Peaky Blinders 5.01 "Black Tuesday" - Review:

Two years on from the ending of Peaky Blinders’ fourth season that resulted in the death of Tom Hardy’s Alfie Solomons and the election to office for Tommy Shelby as Birmingham MP, the series is approaching its climax. We’ve long been told by creator Steven Knight that he wants to tell the story of the characters, one family, between the space of two World Wars, and one of the main themes of this first episode – as it is always in Peaky Blinders, is the status of military and the reputation that it comes with it particularly in regards to the roles that characters who have fought in France played. Tommy offers a bonus drink to those who went to war when he marches into the regular watering hole known as The Garrison Tavern, and he also lauds his commitment to being a soldier on the frontlines to a Cavalry Officer when he commands a fundraiser, suggesting that he shot one for arriving late to help his men on the battlefield and framed him for cowardice. Whether it’s true or not we don’t know, as nearly everything that we’ve learnt about the Peaky Blinders’ wartime adventures has been told and not shown, but there’s enough passion in Cillian Murphy’s voice that we believe it as much as his latest victim of blackmail.

The personal life for Tommy is right back where things were at the beginning of season four, he may be married to Lizzie with his son Charlie in tow, but Charlie is growing older and starting to see through his comments. At the end of the episode, he tells Tommy that he’s not god. Tommy replies to himself more than anyone, not yet. Which begs the question – do his ambitions stop at just being an MP? From the start of the episode we’re shown how much Tommy has got things under control in his political and working life, blackmailing journalists and eventually having them killed when they come forth with troublesome material and interacting warmly with every man in The Garrison who all come to him with good news regardless of whether he knows it or not. In Birmingham South, the Peaky Blinders are king, but for how long? Tommy’s passionate speech is catching the interest of neighbouring politician and British fascist Oswald Mosely (Sam Claflin), who played a prominent role as leader of the British Union of Fascists in the years leading up to World War Two. Revolution is in the air once again – it’s just a question of who will be leading it. And Mosely wants a man like Tommy on his side. It’s not the first time we’ve had historical characters come into play in the series before, perhaps most notably Winston Churchill himself showed up in Season 1 and as things draw closer to World War Two, I wouldn’t be surprised to see him return at some point in the future.
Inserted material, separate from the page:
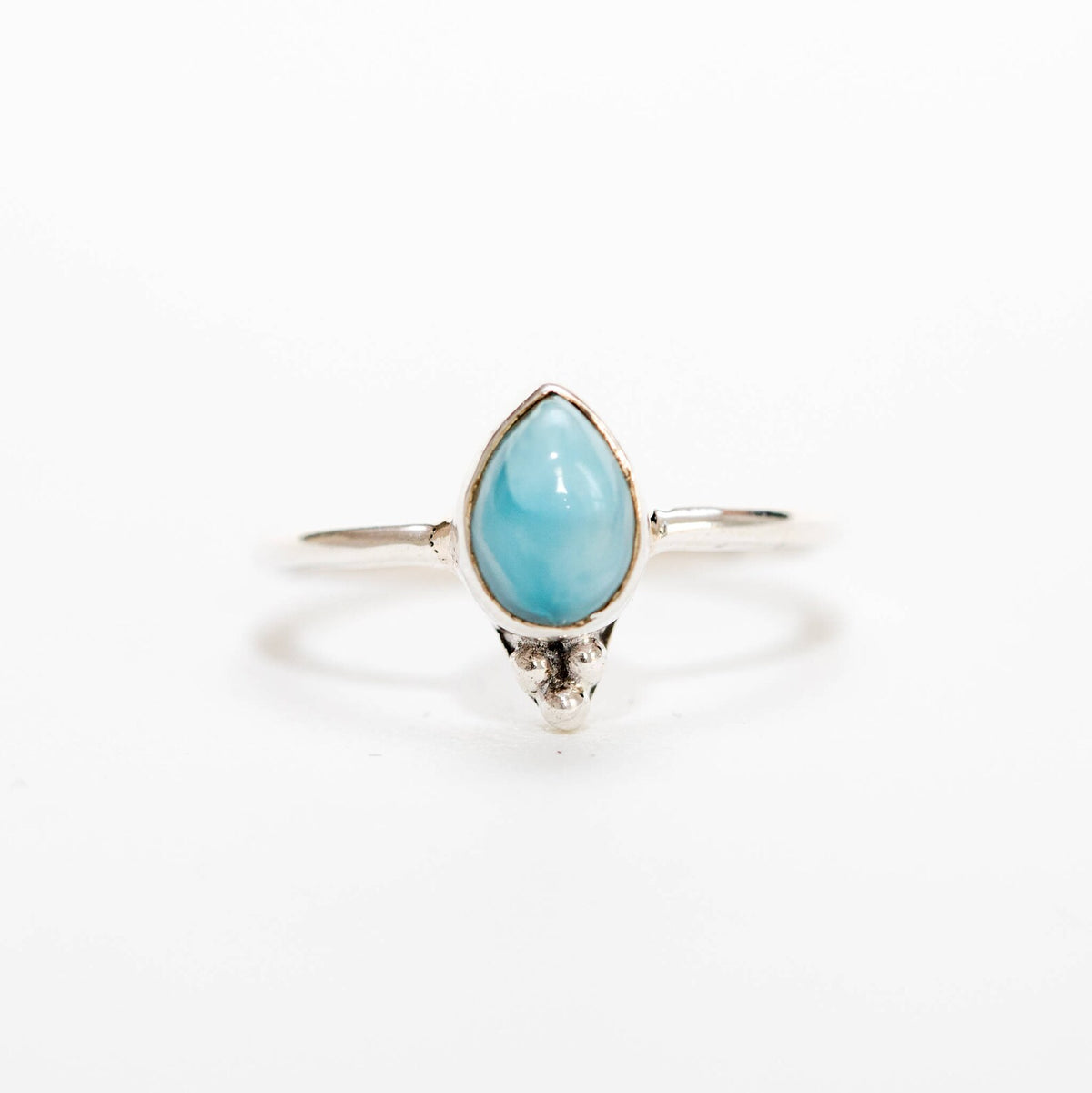 Dainty Larimar Ring, Pear Gemstone Ring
Arthur is in charge of Shelby Company Limited running t against the wishes of Linda whilst Michael oversees the American counterpart following their expansion overseas, with the Shelbys keeping things in house. Whilst Tommy can see the Wall Street Crash happening, Michael isn’t as smart as he is – and is unable to sell the shares in advance spending his days stateside baked in excess debauchery. Consequences this means, must be dished out his way – and it’s time for Michael to return to Small Heath. The series’ trademark slow-mo walks are always a delight and seeing the gang walk to the Garrison never gets old. But the slow-mo walks don't mask the characters and their troubles – Finn is trying too hard to be a Peaky Blinder and ends up getting shot in the arm as a result of his over-commitment, and Ada is pregnant with an army colonel from last season unknowingly being the father.
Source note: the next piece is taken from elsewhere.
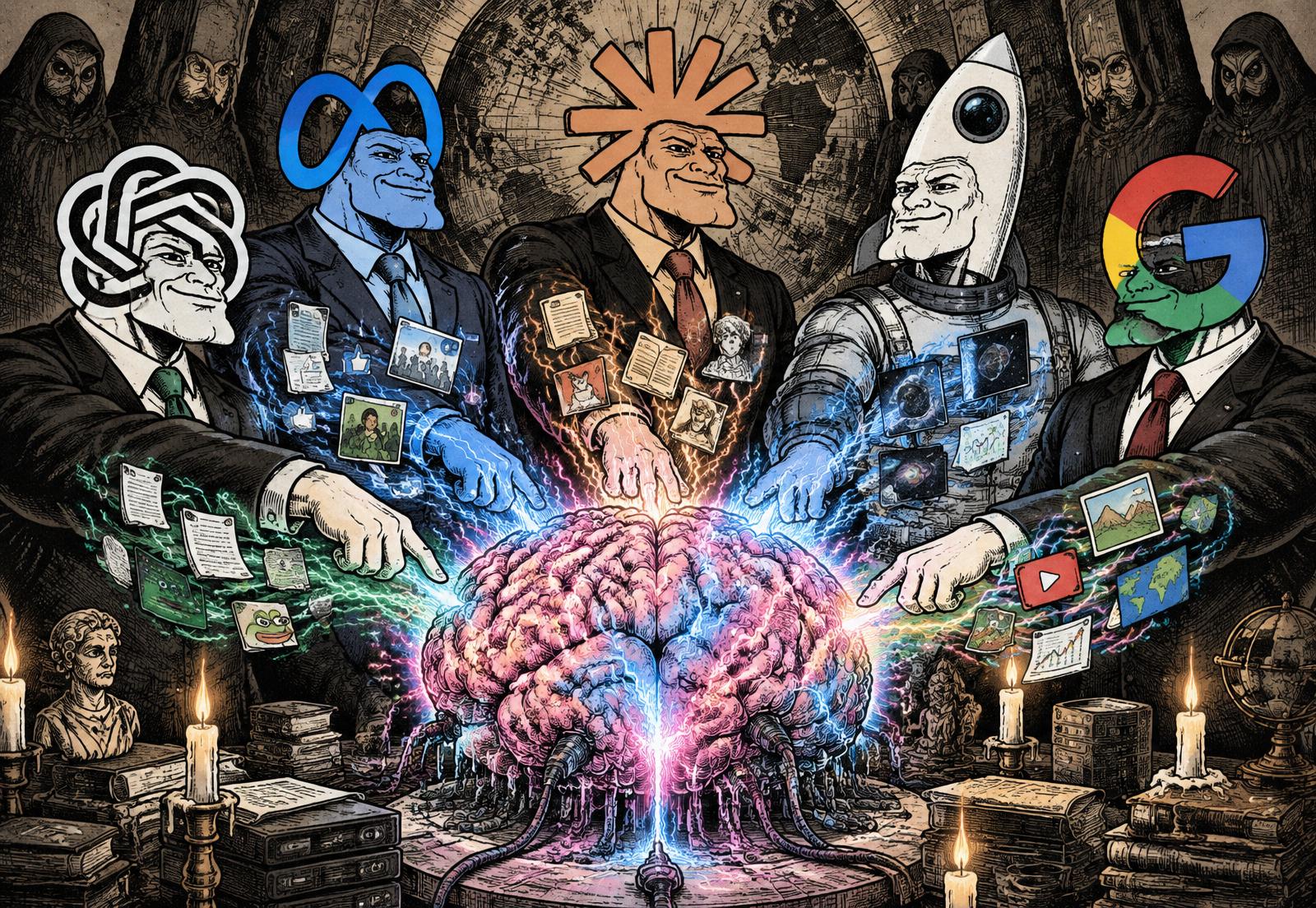Five corporate AI chads feeding intelligence into one glowing brain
One of the most anticipated additions to the cast this season was the incredibly talented Anya Taylor-Joy who put in a brilliant performance in David Eggers’ 2015 horror movie The Witch and then again in M. Night Shyamalan’s Split and although she plays a minor role here in this first episode, there’s plenty of potential for her character as the series progresses, because Black Tuesday, to nobody’s surprise, felt very much like a stage setting episode reminding us – like so many series premieres tend to do, where the characters are and after a long break between seasons that is a welcome refresher. We know what all the characters arc’s are going to be from the start of the season and we know what their stakes are. There isn’t much at this point to convince us that the series is moving away from its largely formulaic structure of seeing the Peaky Blinders pushed to their limit and Tommy pulling a rabbit out of the hat at the last minute to save the day – but with the sense of a ticking clock we could have heightened agency as although this series has been renewed for a season six, I wouldn’t be surprised if season five were to have a major defining moment, because how do you top the death of killing off a character played by an actor as good as Tom Hardy? Alfie Solomons was easily one of the strongest characters in the supporting cast and whether Aberama Gold is capable of matching that brilliance of Alfie even if he is certainly capable of doing so should the script allow, and there are certainly signs of that happening in the next episode. But at least, as requested, Cyril the dog has a new home (Cyril lives!), and Polly is given plenty of drama material to do this episode, getting to spend time in Monte Carlo with a fling.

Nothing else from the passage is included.